**Task data**

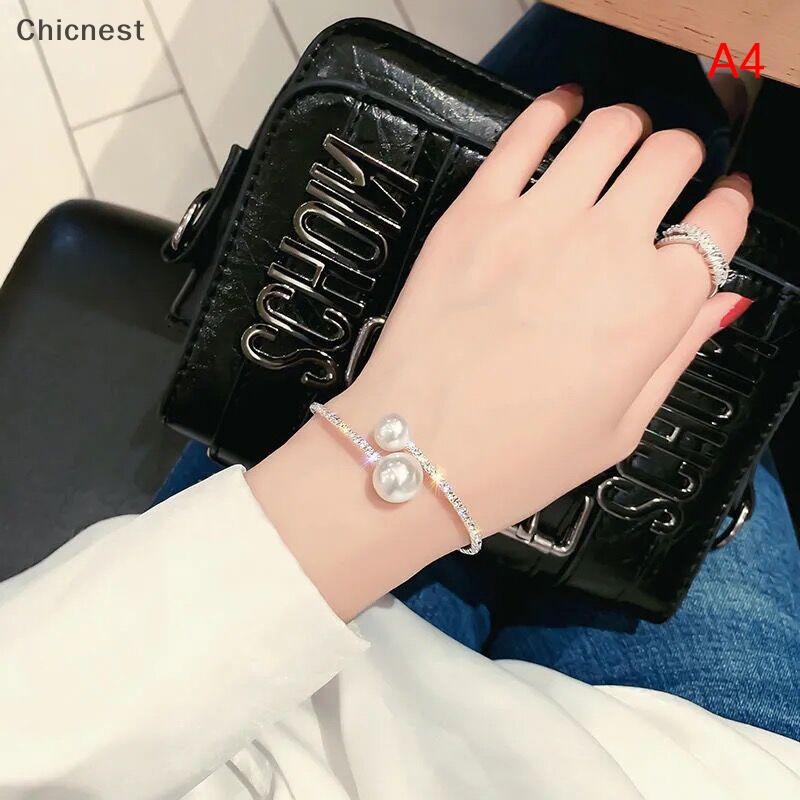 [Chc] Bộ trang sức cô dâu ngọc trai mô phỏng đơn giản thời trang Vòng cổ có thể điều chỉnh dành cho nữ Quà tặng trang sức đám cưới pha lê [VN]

...

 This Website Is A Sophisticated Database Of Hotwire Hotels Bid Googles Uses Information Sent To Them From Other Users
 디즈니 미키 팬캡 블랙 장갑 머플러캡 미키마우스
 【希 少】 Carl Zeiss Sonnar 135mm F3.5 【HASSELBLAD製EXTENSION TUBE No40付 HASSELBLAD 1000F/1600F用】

...

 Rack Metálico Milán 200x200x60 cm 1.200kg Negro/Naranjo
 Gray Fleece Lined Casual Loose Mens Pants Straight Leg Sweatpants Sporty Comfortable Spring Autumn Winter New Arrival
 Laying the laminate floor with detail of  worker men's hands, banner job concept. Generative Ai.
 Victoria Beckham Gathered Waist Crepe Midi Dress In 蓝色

**What the exercise asks**
In the listing above, find the line with "Rack Metálico Milán" and the line with "Victoria Beckham Gathered"; output exactly those lines and all lines between them.

**Written reply**
 Rack Metálico Milán 200x200x60 cm 1.200kg Negro/Naranjo
 Gray Fleece Lined Casual Loose Mens Pants Straight Leg Sweatpants Sporty Comfortable Spring Autumn Winter New Arrival
 Laying the laminate floor with detail of  worker men's hands, banner job concept. Generative Ai.
 Victoria Beckham Gathered Waist Crepe Midi Dress In 蓝色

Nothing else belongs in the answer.